Bob Egelko / The San Francisco Chronicle – 2015-01-05 16:25:27
http://www.sfgate.com/nation/article/Federal-judge-tosses-Iraqi-woman-s-suit-against-5979253.php
Federal Judge Tosses Iraqi Woman’s Suit against George W. Bush
Bob Egelko / The San Francisco Chronicle
(December 25, 2014) — An Iraqi woman’s suit against former President George W. Bush and other architects of the US war in Iraq has been dismissed by a Bay Area federal judge in a ruling that appears to preclude any such suits by foreigners harmed by America’s wars.
Sundus Saleh, a teacher and jewelry storeowner in Iraq, said she was driven out of her home by US-allied troops after the invasion in 2003 and wound up as a refugee in Jordan, where she has been unable to find steady employment. Her suit, filed last year as a proposed class action on behalf of other displaced Iraqis, accused Bush, former Vice President Dick Cheney, Defense Secretary Donald Rumsfeld and other administration officials of illegally waging an unprovoked war of aggression, in violation of international law.
In a Dec. 19 ruling, US District Judge Jon Tigar of San Francisco said the suit had failed to comply with restrictions imposed by the Federal Tort Claims Act, which governs all private claims of injuries inflicted by federal government employees. That law requires the injured person to file an initial claim with the US government, which Saleh did not do, and, if rejected, to file suit within two years of the alleged wrongdoing.
Saleh couldn’t have met those deadlines, said her lawyer, Inder Comar.

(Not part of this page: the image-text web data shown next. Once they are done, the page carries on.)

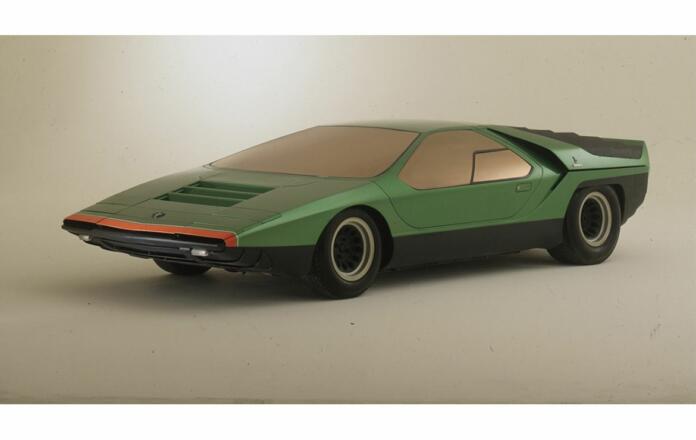 Alfa Romeo Carabo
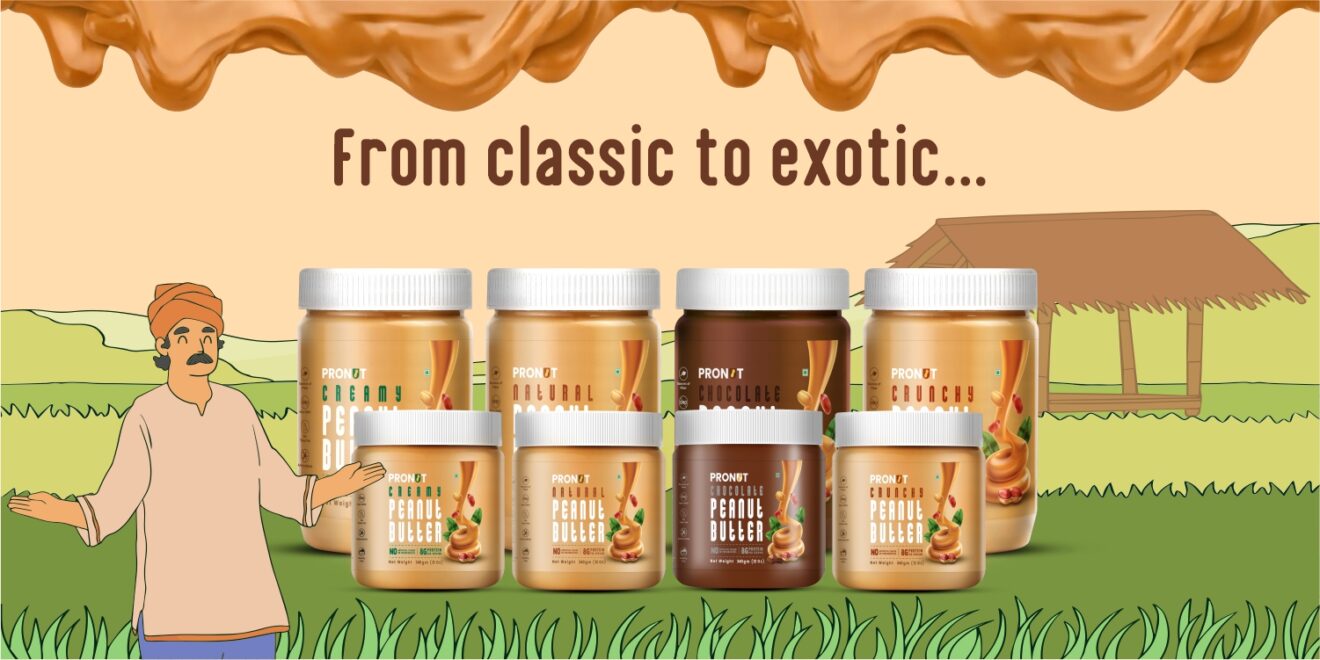 All Products | Pronut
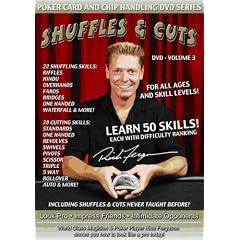 Rich Ferguson Presents - Shuffles and Cuts Volume 3 [Import anglais]
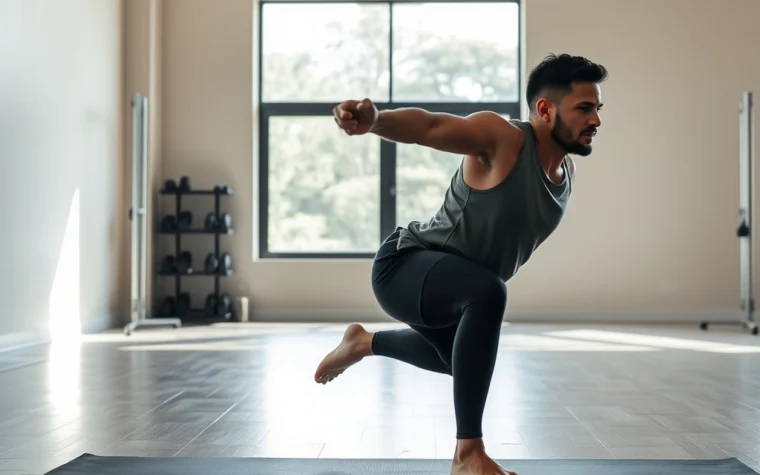 Novo Método de Treino Funcional Promete Resultados em 30 Dias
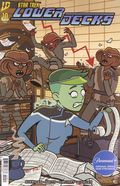 Star Trek Lower Decks (2024 IDW) 10A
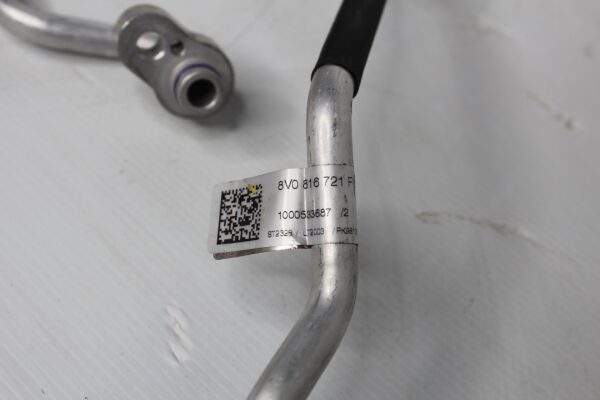 Audi RS3 RSQ3 TTRS AC Refrigerant Line Hose Pipe 8V0 816 721 F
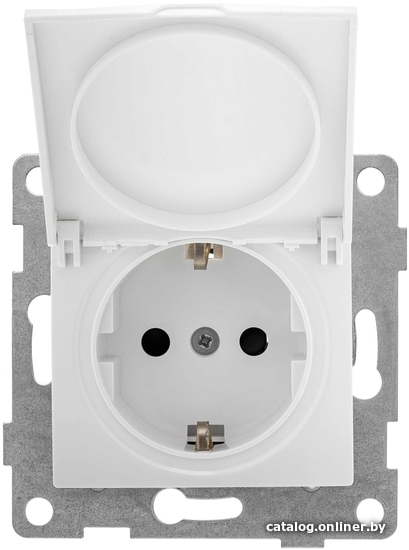 

Розетка Gusi Electric Bravo С10Р91-001 (белый)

And even if she had managed to file an administrative claim and a lawsuit while fleeing and resettling, Comar said, she would have been excluded by Supreme Court rulings barring suits against the United States under the Tort Claims Act for injuries suffered in a foreign country.
The net result, the lawyer said, is that even if a US war violated international law, the nation’s courts have closed their doors to the war’s victims. That, he said, seems to contradict the position the United States took after World War II, when prosecutors from the US and other nations won convictions at Nuremberg against Nazi leaders for waging a war of aggression.
“This was a serious attempt to hold US leaders accountable under laws set down at the Nuremberg trials in 1946,” Comar said. He said Saleh is considering an appeal.
In seeking dismissal of Saleh’s suit, lawyers from President Obama’s Justice Department argued that the case was covered by the Federal Tort Claims Act and its deadlines because Bush and his aides acted within the “scope of their employment” in conducting the war. Saleh, in response, said it wasn’t covered by that law because the president was actually pursuing a private ideological agenda that he had displayed long before taking office in 2001.
Bush administration officials “were not motivated by genuine national security interests” but by “personally held neoconservative convictions which called for American military dominance of the Middle East, and by a religious world-view,” Comar said in court papers.
Regardless, Tigar said, the officials were acting in the scope of their government employment.
“Engaging in war is without doubt among the conduct these defendants were employed to perform,” said the judge, an Obama appointee. He said Saleh had failed to show that Bush and his staff were seeking personal gain from the war or that their actions in planning and carrying out the war “were not motivated, at least in part, by a subjective desire to serve the interests of the United States.”